→ **Captioned web images**
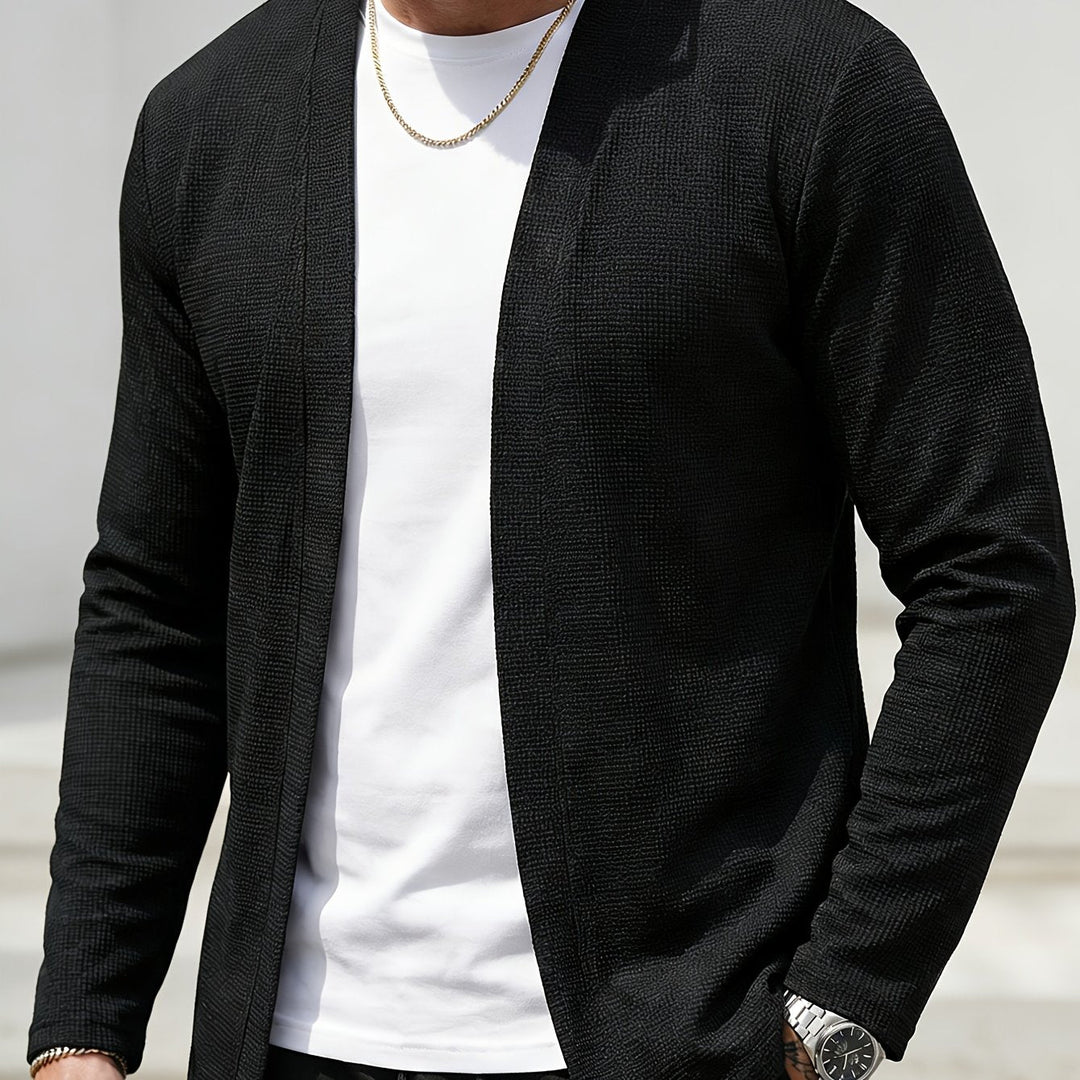 Dravhec | Homme Cardigan Ouvert Texturé Manches Longues - Black - Image 1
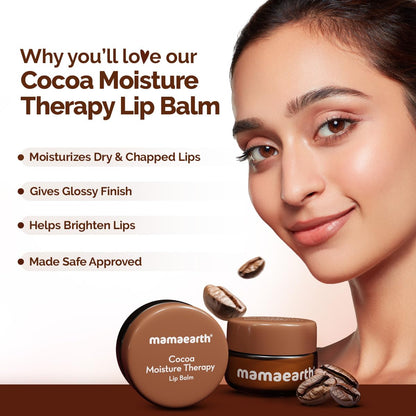 Mamaearth Cocoa Moisture Therapy Lip Balm For Dry & Chapped Lips 15 G|Heals, Brightens|Glossy Finish|Coconut Oil, Cocoa Butter, Vitamin E, Ceramides, Kojic Acid|100% Free Of Petroleum Jelly,White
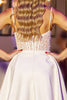 Load image into Gallery viewer, White Corset A Line Short Satin Homecoming Dress with Lace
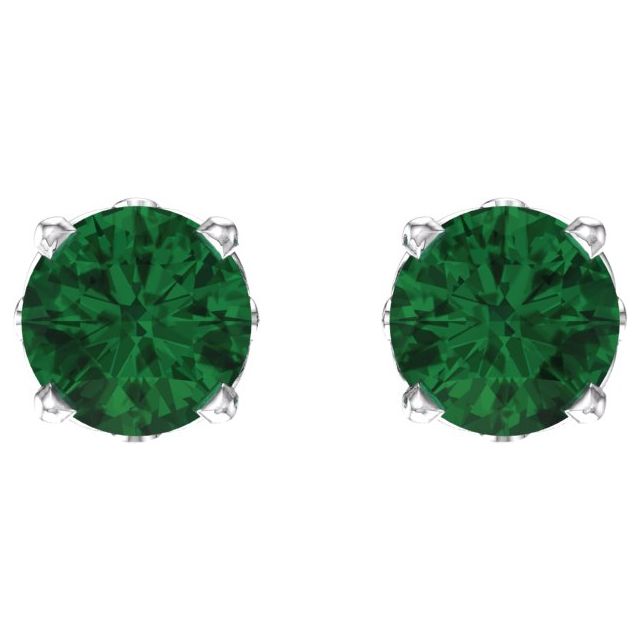 Round 4-Prong Scroll Setting? Stud Earrings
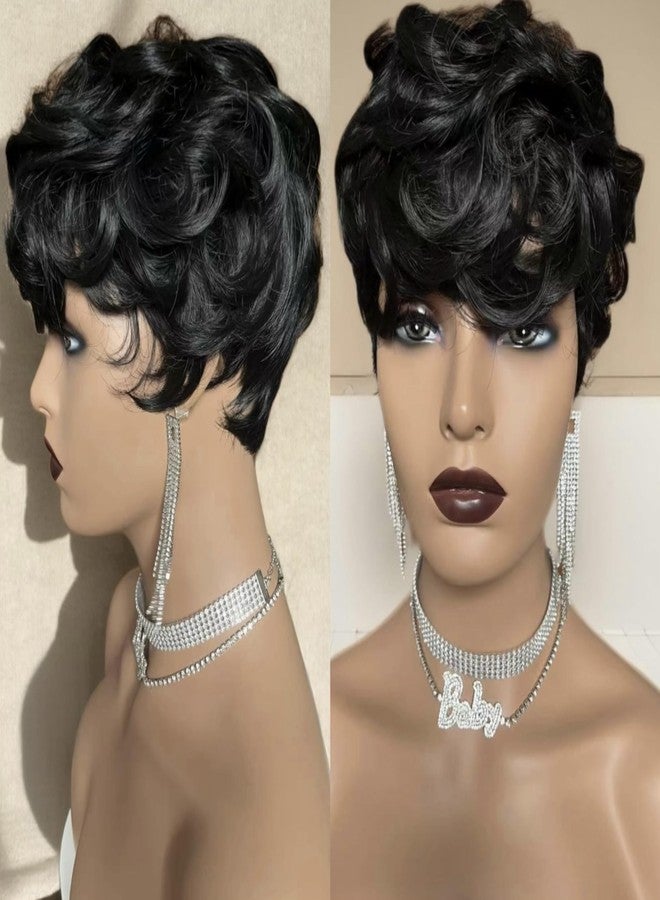HOTKIS Short Curly Pixie Cut Wigs for Black Women Short Black Synthetic Curly Hair Glueless Wigs Heat Resistant Fiber Pixie Cut Curly Wigs with Bangs - Image 5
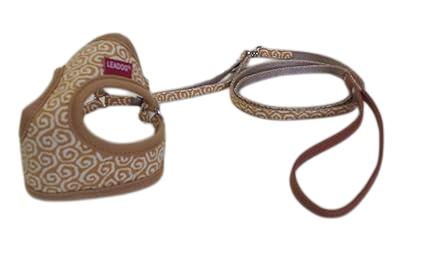 【3個セット】リードック LEADOG唐草キャットハーネスリードSSイエロー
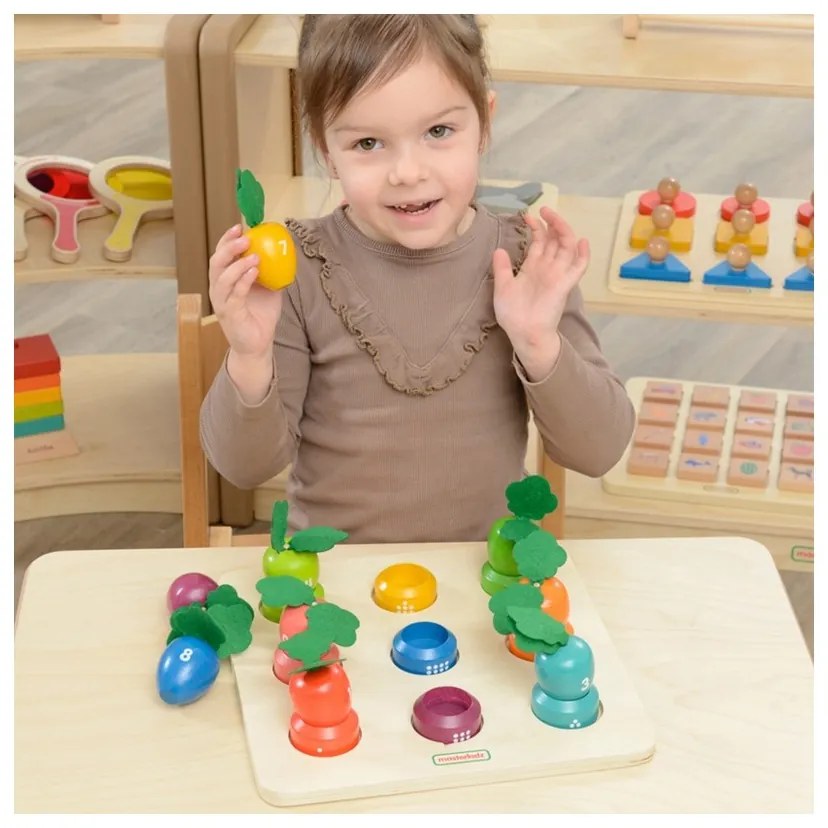 Masterkidz tablica edukacyjna warzywa nauka liczb i kolorów montessori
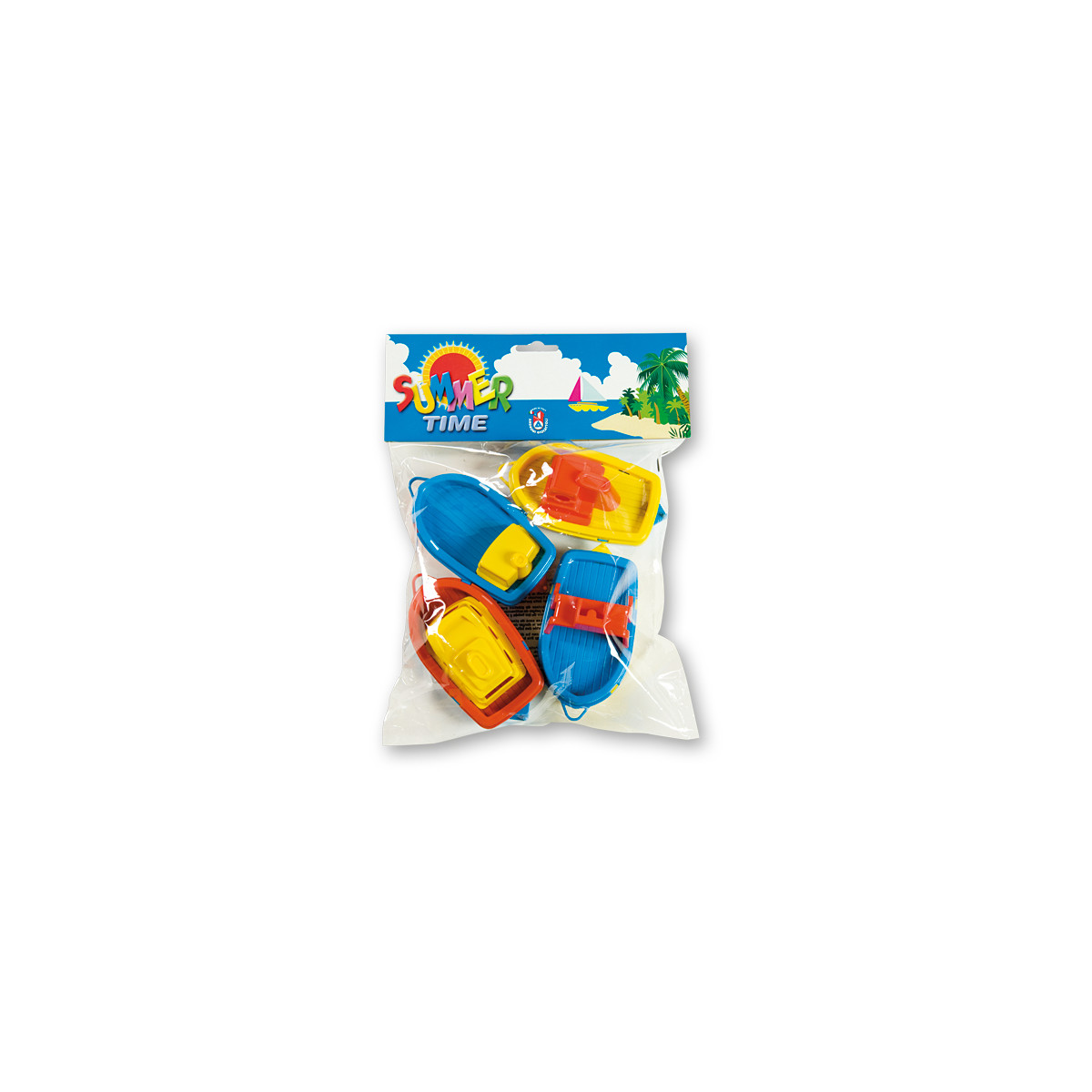 Confezione contenente quattro barchette giocattolo di plastica.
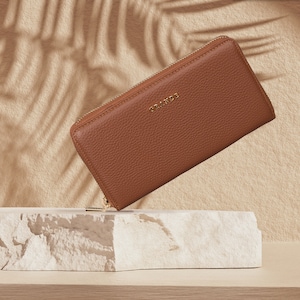 Cartera Continental Cremallera Marrón Piel, Tarjetero Mujer Piel, Tarjetero Piel Unisex, Cartera Cremallera Grande, Mini Monedero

→ **Task**
Only the records themselves, retyped exactly, belong in the answer; please leave all images behind.

→ **Problem solution**
 Dravhec | Homme Cardigan Ouvert Texturé Manches Longues - Black - Image 1
 Mamaearth Cocoa Moisture Therapy Lip Balm For Dry & Chapped Lips 15 G|Heals, Brightens|Glossy Finish|Coconut Oil, Cocoa Butter, Vitamin E, Ceramides, Kojic Acid|100% Free Of Petroleum Jelly,White
 Load image into Gallery viewer, White Corset A Line Short Satin Homecoming Dress with Lace
 Round 4-Prong Scroll Setting? Stud Earrings
HOTKIS Short Curly Pixie Cut Wigs for Black Women Short Black Synthetic Curly Hair Glueless Wigs Heat Resistant Fiber Pixie Cut Curly Wigs with Bangs - Image 5
 【3個セット】リードック LEADOG唐草キャットハーネスリードSSイエロー
 Masterkidz tablica edukacyjna warzywa nauka liczb i kolorów montessori
 Confezione contenente quattro barchette giocattolo di plastica.
 Cartera Continental Cremallera Marrón Piel, Tarjetero Mujer Piel, Tarjetero Piel Unisex, Cartera Cremallera Grande, Mini Monedero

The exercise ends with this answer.